Today—28 April—is International Workers Memorial Day when workers
and their trade unions round the world, remember everyone killed at work. It’s
a day to mourn the dead and demand better health and safety, better conditions and
that if the worst happens that employers accept responsibility and pay proper
compensation to workers’ families.
The history of fatal and serious accidents for every
countries’ workers is very long. In Iceland, the highest numbers of deaths were probably amongst fishers—men and women—who were most likely to drown or die of cold. But
farm workers also got killed collecting “scurvy grass” from cliffs, which was needed for
its vitamin C. Women, whose work was washing clothes in rivers or geothermal hot
water pools, drowned or suffered fatal burns.
Terrible conditions and weather caused accidents and often
people assume these are historical events and don’t happen now. But in February this year one man was hospitalised and another
died when hydrogen sulphide and carbon monoxide got into their accommodation through the water supply of the fish factory that employed them in Reykjanes, South West Iceland.
A worker running the Bæjarins bestu hot dogs kiosk in
Reykjavik last September narrowly escaped being crushed when a crane from the
building site adjacent collapsed against the door of the small building. The
timber that the crane was carrying landed in the carp park next to it and Bæjarins
bestu’s staff member had to get out by climbing through the window.

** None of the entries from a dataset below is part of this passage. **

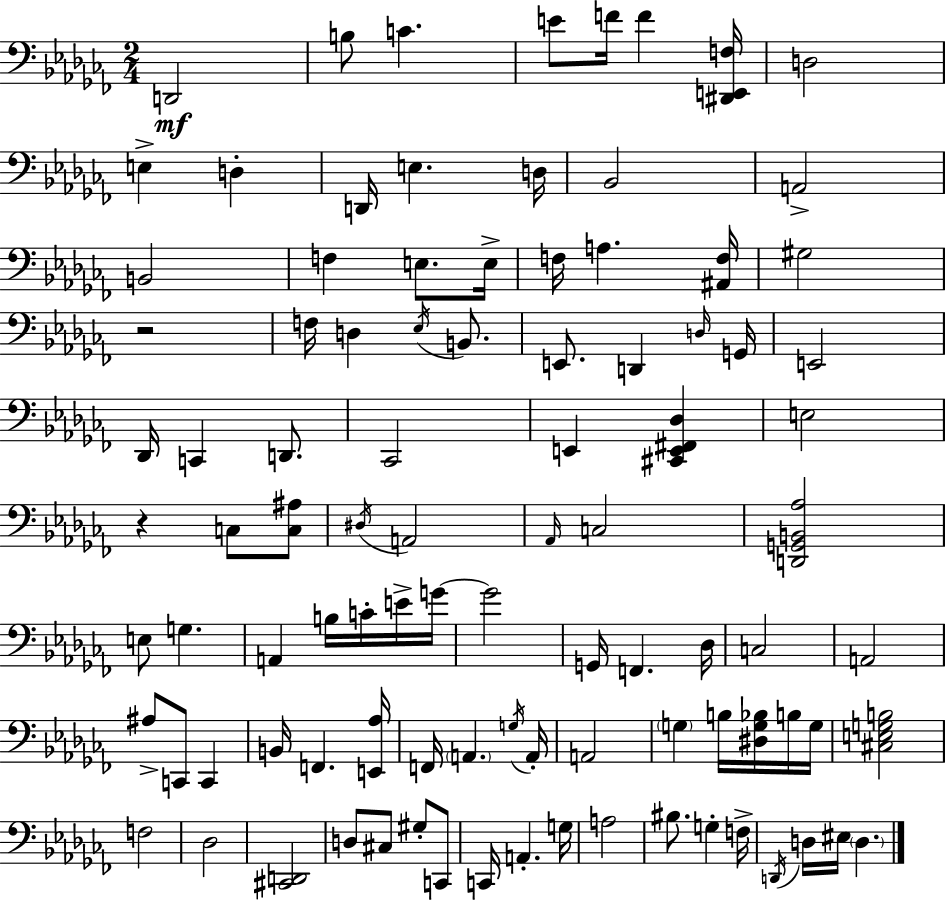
{
  \clef bass
  \numericTimeSignature
  \time 2/4
  \key aes \minor
  d,2\mf | b8 c'4. | e'8 f'16 f'4 <dis, e, f>16 | d2 | \break e4-> d4-. | d,16 e4. d16 | bes,2 | a,2-> | \break b,2 | f4 e8. e16-> | f16 a4. <ais, f>16 | gis2 | \break r2 | f16 d4 \acciaccatura { ees16 } b,8. | e,8. d,4 | \grace { d16 } g,16 e,2 | \break des,16 c,4 d,8. | ces,2 | e,4 <cis, e, fis, des>4 | e2 | \break r4 c8 | <c ais>8 \acciaccatura { dis16 } a,2 | \grace { aes,16 } c2 | <d, g, b, aes>2 | \break e8 g4. | a,4 | b16 c'16-. e'16-> g'16~~ g'2 | g,16 f,4. | \break des16 c2 | a,2 | ais8-> c,8 | c,4 b,16 f,4. | \break <e, aes>16 f,16 \parenthesize a,4. | \acciaccatura { g16 } a,16-. a,2 | \parenthesize g4 | b16 <dis g bes>16 b16 g16 <cis e g b>2 | \break f2 | des2 | <cis, d,>2 | d8 cis8 | \break gis8-. c,8 c,16 a,4.-. | g16 a2 | bis8. | g4-. f16-> \acciaccatura { d,16 } d16 eis16 | \break \parenthesize d4. \bar "|."
}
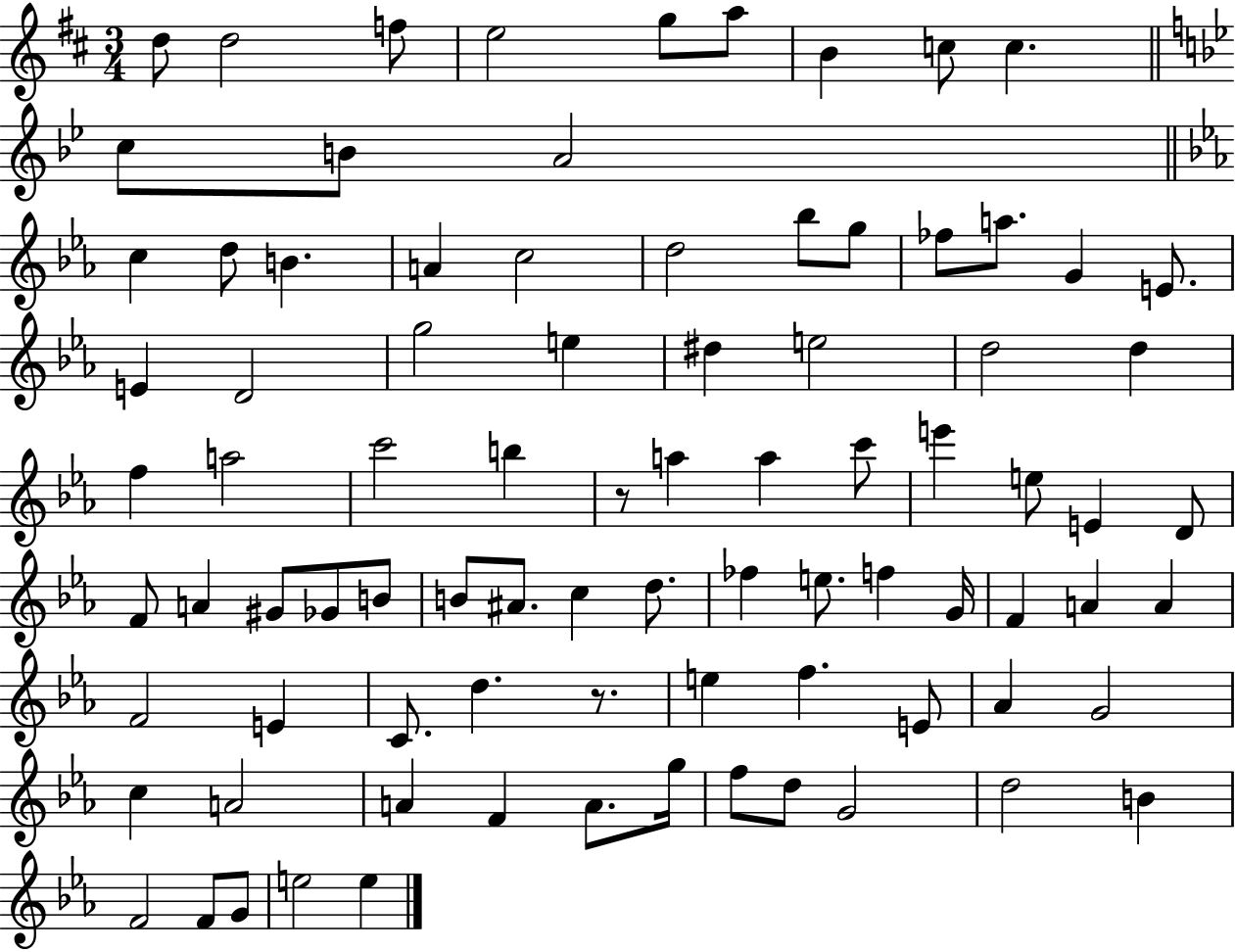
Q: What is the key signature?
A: D major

And in April last year fisherman Ólafur Jóhannes Friðriksson
died when he fell overboard from a fishing boat in Húnaflói bay, Northwest
Iceland.
It is easy to say accidents will always happen, but they are
much more likely where workers are pushed to speed up, where companies cut
corners to save money or small fishing boats lack the latest safety equipment. Internationally there is a growing problem of
suicide among workers and small farmers driven to despair by overwork and too
little pay.
Trade unionised work places are safer workplaces. But to
drastically reduce the number of deaths and serious injuries suffered at work, we are going to
have to challenge the system that puts profit before safety and ordinary people’s
lives, wherever they are.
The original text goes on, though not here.